NASA Envisions International Fleet of Apophis Reconnaissance Spacecraft

NASA Envisions International Fleet of Apophis Reconnaissance Spacecraft

NASA officials are encouraging the international space community to launch several small spacecraft to study the asteroid Apophis before it makes a close approach to Earth in 2029. It is more of a concept than a plan at this stage, but the idea is to get imagery and other data before the encounter to compare with data that will be acquired by another spacecraft — already in space — afterwards to add to the planetary defense knowledge base for the day an Earth-threatening asteroid is on its way.

Apophis will come within 20,000 miles (32,000 kilometers) of Earth’s surface on April 13, 2029. Scientists have calculated and recalculated its orbit and are certain it poses no danger to Earth, but it will be visible with the naked eye in the Eastern Hemisphere and certain to capture the public’s attention.

Ground-based telescopes will get quite a view as it speeds by, but the planetary defense community wants much more data, especially before and after images to see how the interaction with Earth affects the 1,100-foot (340-meter) diameter asteroid.

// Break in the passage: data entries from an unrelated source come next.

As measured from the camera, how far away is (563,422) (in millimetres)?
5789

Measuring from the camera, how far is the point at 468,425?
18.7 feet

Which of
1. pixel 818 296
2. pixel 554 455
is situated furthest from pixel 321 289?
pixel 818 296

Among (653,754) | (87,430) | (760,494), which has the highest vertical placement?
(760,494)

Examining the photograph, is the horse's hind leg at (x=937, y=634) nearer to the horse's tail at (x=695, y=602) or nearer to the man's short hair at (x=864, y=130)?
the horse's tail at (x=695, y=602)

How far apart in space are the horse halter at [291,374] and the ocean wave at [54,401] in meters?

At the 8th Planetary Defense Conference in Vienna, Austria last week, Bhavya Lal, NASA Associate Administrator for Technology, Policy and Strategy, explained the idea and its rationale. Speaking virtually, she called for a “small fleet” of spacecraft to do reconnaissance of Apophis before its date with Earth.

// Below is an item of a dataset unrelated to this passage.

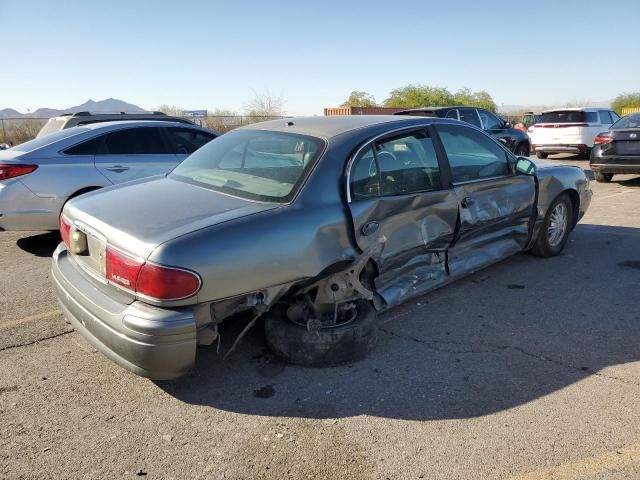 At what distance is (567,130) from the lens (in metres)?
16.1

“Space agencies should work together to develop a small fleet of robotic spacecraft to go out ahead of April ’29 and meet the asteroid before its close approach to Earth.

“Nature has provided us with such a prime opportunity to demonstrate our space mission prowess, in this case to perform rapid reconnaissance of an approaching object that might be an impact threat. To learn all we can about it and inform any action we might need to take to mitigate potential disaster. … We believe protection of our planet from cosmic hazards is a global issue that affects the interests of more than any one nation.” — Bhavya Lal

In an interview today, Lal told that she was delivering an “inspirational” message on behalf of NASA Administrator Bill Nelson, not announcing a new NASA program. Mission concept studies are underway, but there is no funding in the current budget for such a mission.

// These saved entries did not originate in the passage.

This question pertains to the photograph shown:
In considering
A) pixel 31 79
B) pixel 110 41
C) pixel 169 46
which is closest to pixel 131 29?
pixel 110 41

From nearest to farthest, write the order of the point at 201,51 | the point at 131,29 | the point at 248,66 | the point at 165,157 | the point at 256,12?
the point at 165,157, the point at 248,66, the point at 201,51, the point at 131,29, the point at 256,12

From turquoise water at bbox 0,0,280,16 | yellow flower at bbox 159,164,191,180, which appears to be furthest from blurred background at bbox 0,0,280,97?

However, the 2022 Decadal Survey for planetary science and astrobiology recommended just such a “rapid reconnaissance” mission. The Biden-Harris U.S. Space Priorities Framework asserts the United States will lead efforts “to enhance warning of and mitigation against potential near-Earth object impacts.” And just last week, the White House Office of Science and Technology Policy released an updated National Preparedness Strategy and Action Plan for Near-Earth Object Hazards and Planetary Defense.

Lindley Johnson, NASA’s Planetary Defense Officer and head of the agency’s Planetary Defense Coordination Office, told today that there is plenty of time. A spacecraft could launch well into 2028 and still get there soon enough to do at least a flyby, though a rendezvous, where the spacecraft would go into orbit around Apophis, would take longer in order to complete the “gymnastics” needed to match the asteroid’s speed.

He said there is substantial interest in the planetary defense community and ESA already has some money allocated to the concept. Although there’s nothing in NASA’s current budget, he said they are looking at next year’s. Cubesats are a definite possibility, perhaps building on the success of Italy’s LICIACube that accompanied the DART mission when it impacted Dimorphos last year.

The science community is very excited about what they’ll be able to learn from Apophis’s close approach and annual conferences are being held as the clock counts down to 2029. “Apophis T-6 Years: Knowledge Opportunities for the Science of Planetary Defense” takes place next month. Johnson said that will be the next chance for the community to discuss and coordinate plans.  He thinks it “quite likely” at least one spacecraft will get to Apophis before April 2029.

Illustration credit: University of Arizona Lunar & Planetary Laboratory.

NASA already has a spacecraft that will observe Apophis after it passes by. The OSIRIS-REx mission is on its way back to Earth right now to deliver samples it collected from the asteroid Bennu. The sample return container will separate from the main spacecraft and land in Utah on September 24, but the main spacecraft will continue on an extended mission dubbed OSIRIS-Apophis Explorer or OSIRIS-APEX. It will rendezvous with Apophis and go into orbit for 15 months then use its thrusters to dig into the surface.

NASA and others in the planetary defense community also want to use Apophis’s close approach as an opportunity to educate people around the globe about the threats posed by asteroids. They plan to propose that the United Nations declare 2029 as the International Year of Planetary Defense. At last week’s Planetary Defense Conference, NASA’s Doris Daou laid out the objectives.

Source: Presentation by NASA’s Doris Daou at the 8th Planetary Defense Conference, Vienna, Austria, April 4, 2023. Screengrab.

It’s a lengthy process that will begin with a proposal to the U.N. Committee on the Peaceful Uses of Outer Space (COPUOUS) perhaps next year.